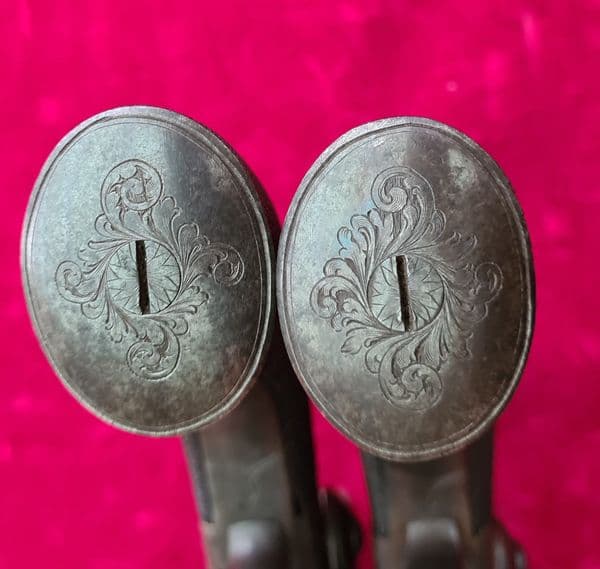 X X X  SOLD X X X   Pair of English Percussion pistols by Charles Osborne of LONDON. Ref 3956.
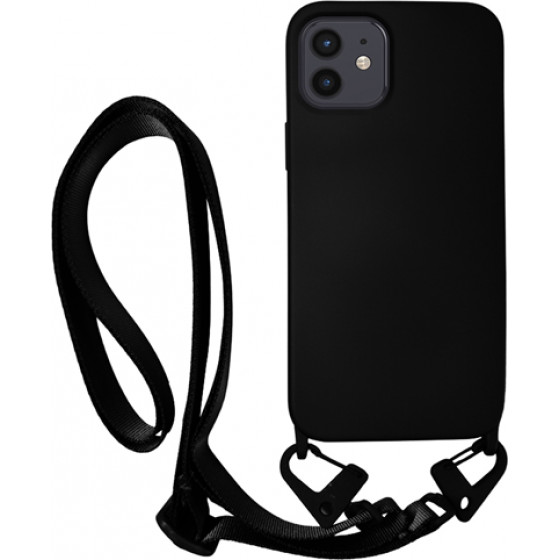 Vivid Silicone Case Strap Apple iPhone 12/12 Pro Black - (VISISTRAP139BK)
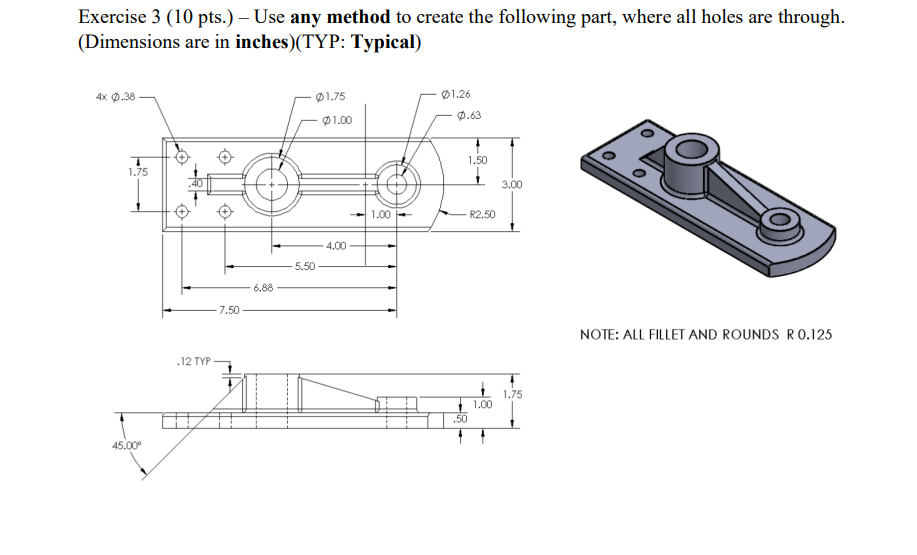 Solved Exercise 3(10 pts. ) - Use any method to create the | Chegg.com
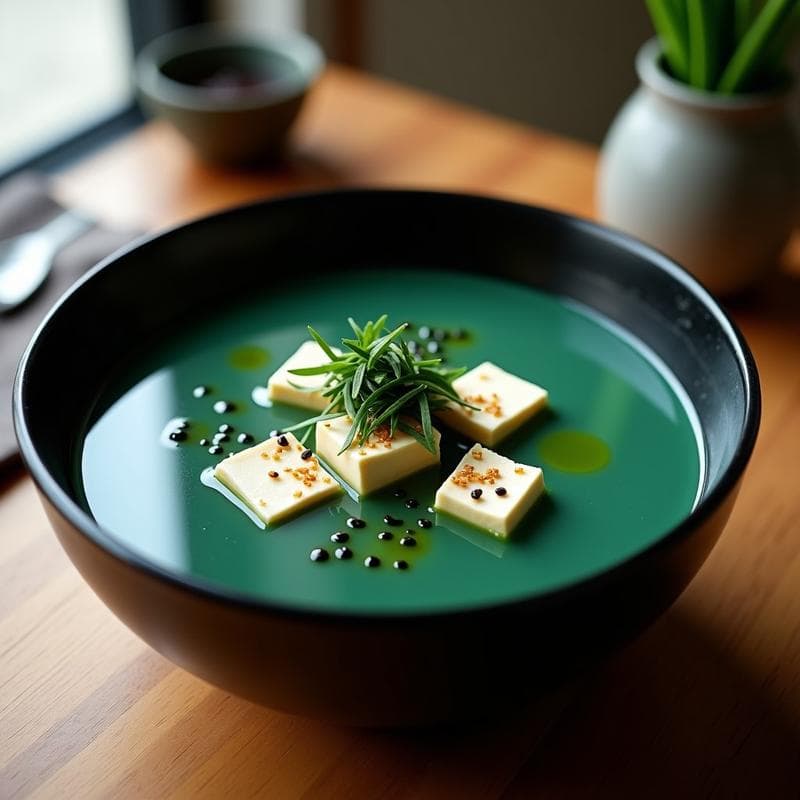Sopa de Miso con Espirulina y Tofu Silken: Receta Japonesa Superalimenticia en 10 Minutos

━━━

**Required work**
Copy word for word every line from the one holding "Solved Exercise 3(10" to the end of the listing, both ends included, but do not copy any pictures.

**Response to this task**
 Solved Exercise 3(10 pts. ) - Use any method to create the | Chegg.com
Sopa de Miso con Espirulina y Tofu Silken: Receta Japonesa Superalimenticia en 10 Minutos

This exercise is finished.